▶ **Materials provided**
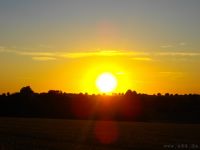 Sommerfest Baumberge 2010 252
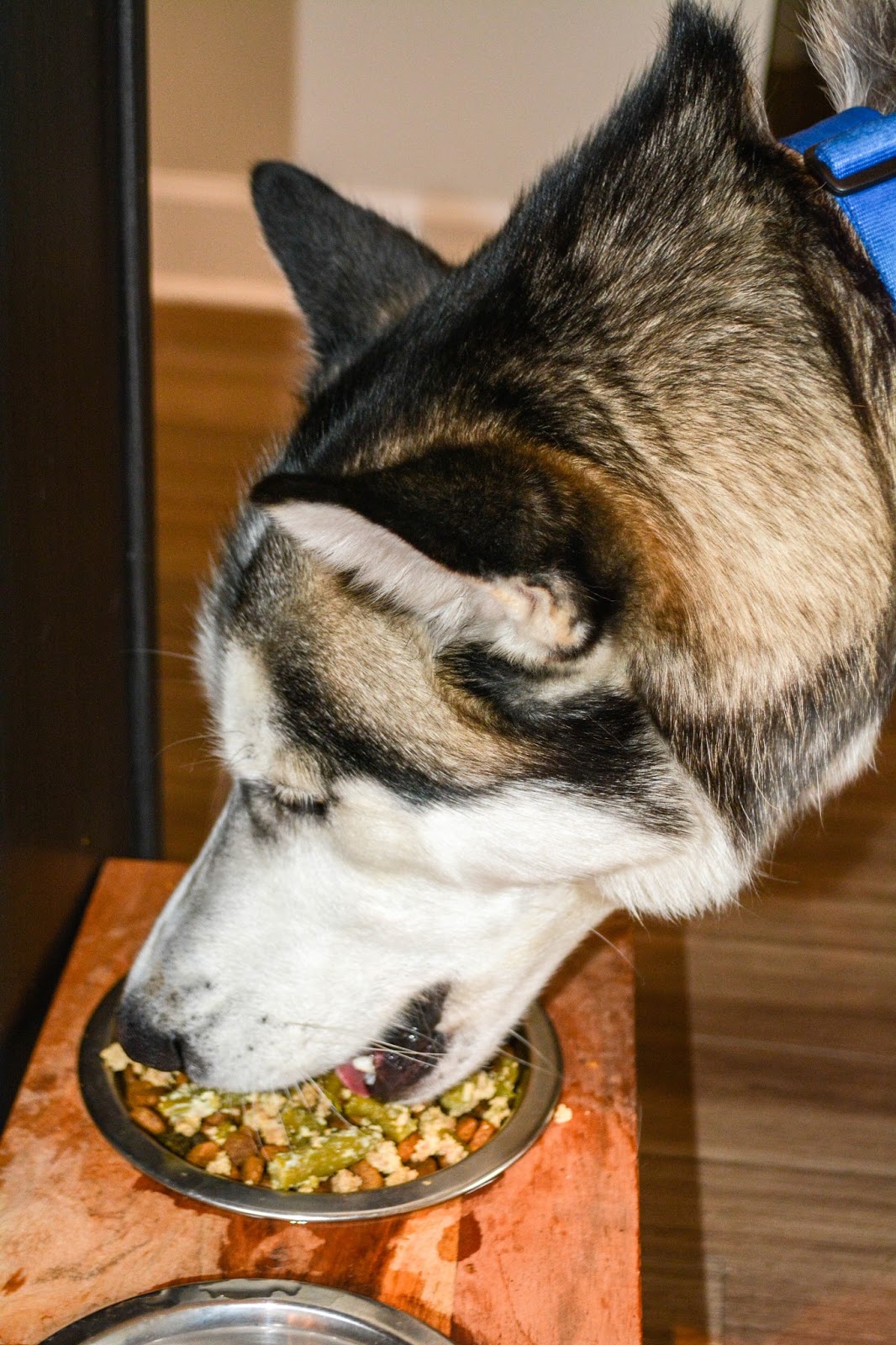 Make Your Own Dog Food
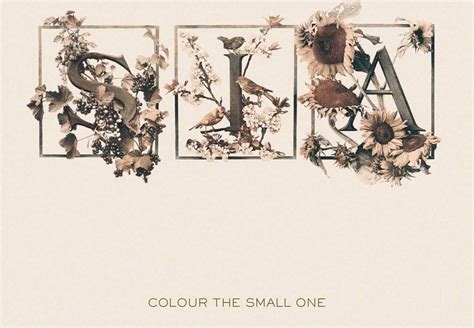Colour The Small One Sia Cd Album Muziek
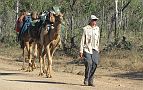 34-This is one way to travel the Gibb River Road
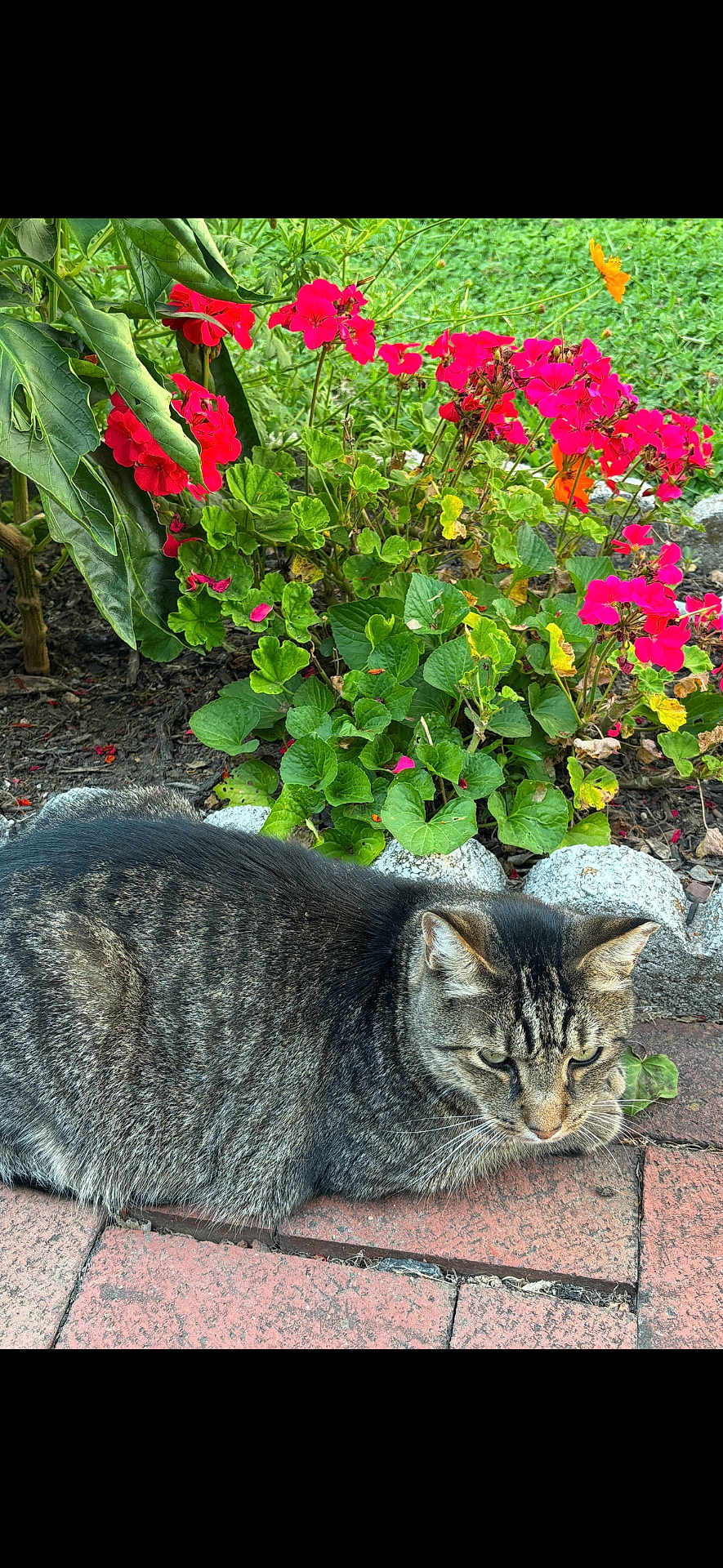 Cosmo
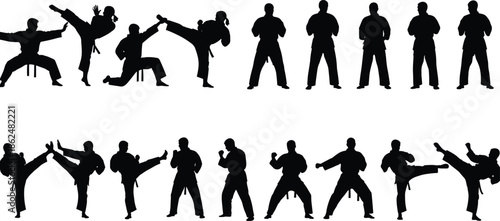Martial arts silhouettes of karate practitioners performing kicks, strikes, and defensive stances, dynamic combat poses ideal for training, sports design, illustrations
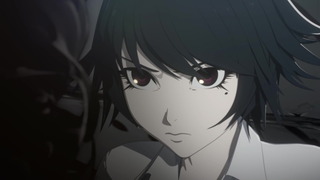 cap (12)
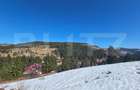 Teren 2 ha, cu padure proprie si panorama spre munti, Arieseni - 7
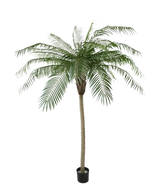 Le Palmier Artificiel Phoenix De Luxe 210 cm possède de longues feuilles vertes courbées et un tronc structuré, dans un petit pot noir sur un fond uni blanc.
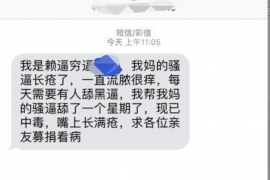 陇西陇西的要账公司在催收过程中的策略和技巧有哪些？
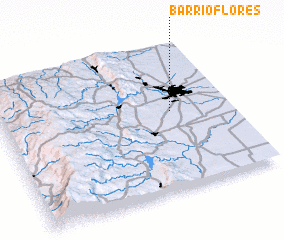 3d view of Barrio Flores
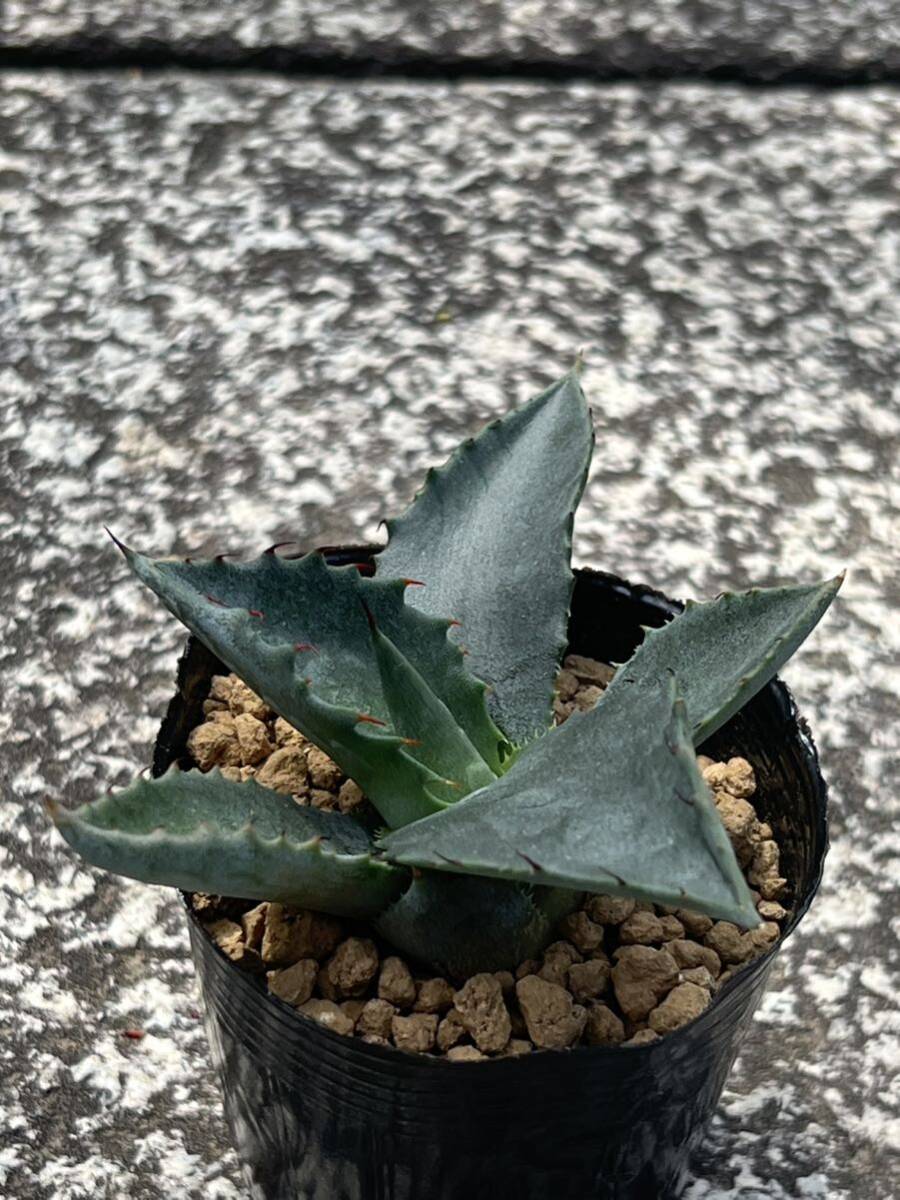 アガベ ジェントリー Agave gentryiの画像3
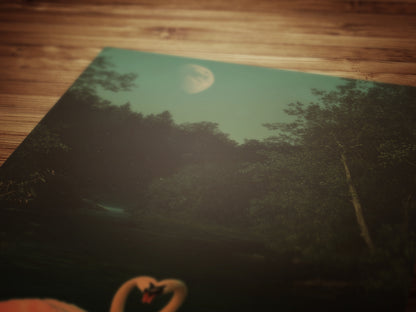 The Swans Waltz, Romantic Wall Art, Victorian Bird, Whimsigoth Nature Wall Decor, Vintage Gloomy Gothic Poster, Soft Academia Art Print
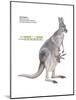 Female Red Kangaroo with Joey (Macropus Rufus), Marsupial, Mammals-Encyclopaedia Britannica-Mounted Art Print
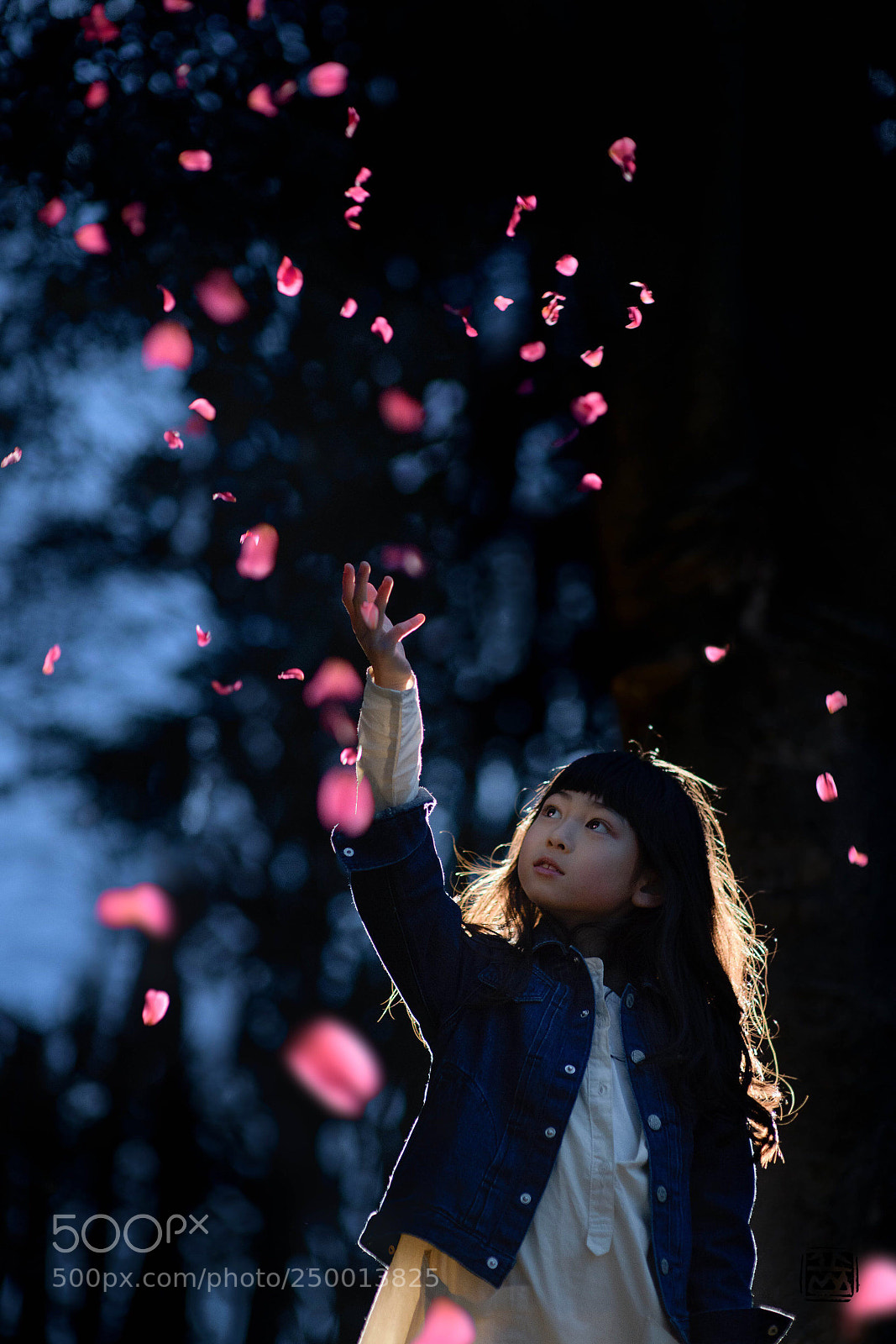 Nikon D850 sample photo. Camellia petals photography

▶ **Task description**
Give back each line above exactly, with pictures dropped.

▶ **Solution to this problem**
 Sommerfest Baumberge 2010 252
 Make Your Own Dog Food
Colour The Small One Sia Cd Album Muziek
 34-This is one way to travel the Gibb River Road
 Cosmo
Martial arts silhouettes of karate practitioners performing kicks, strikes, and defensive stances, dynamic combat poses ideal for training, sports design, illustrations
 cap (12)
 Teren 2 ha, cu padure proprie si panorama spre munti, Arieseni - 7
 Le Palmier Artificiel Phoenix De Luxe 210 cm possède de longues feuilles vertes courbées et un tronc structuré, dans un petit pot noir sur un fond uni blanc.
 陇西陇西的要账公司在催收过程中的策略和技巧有哪些？
 3d view of Barrio Flores
 アガベ ジェントリー Agave gentryiの画像3
 The Swans Waltz, Romantic Wall Art, Victorian Bird, Whimsigoth Nature Wall Decor, Vintage Gloomy Gothic Poster, Soft Academia Art Print
 Female Red Kangaroo with Joey (Macropus Rufus), Marsupial, Mammals-Encyclopaedia Britannica-Mounted Art Print
 Nikon D850 sample photo. Camellia petals photography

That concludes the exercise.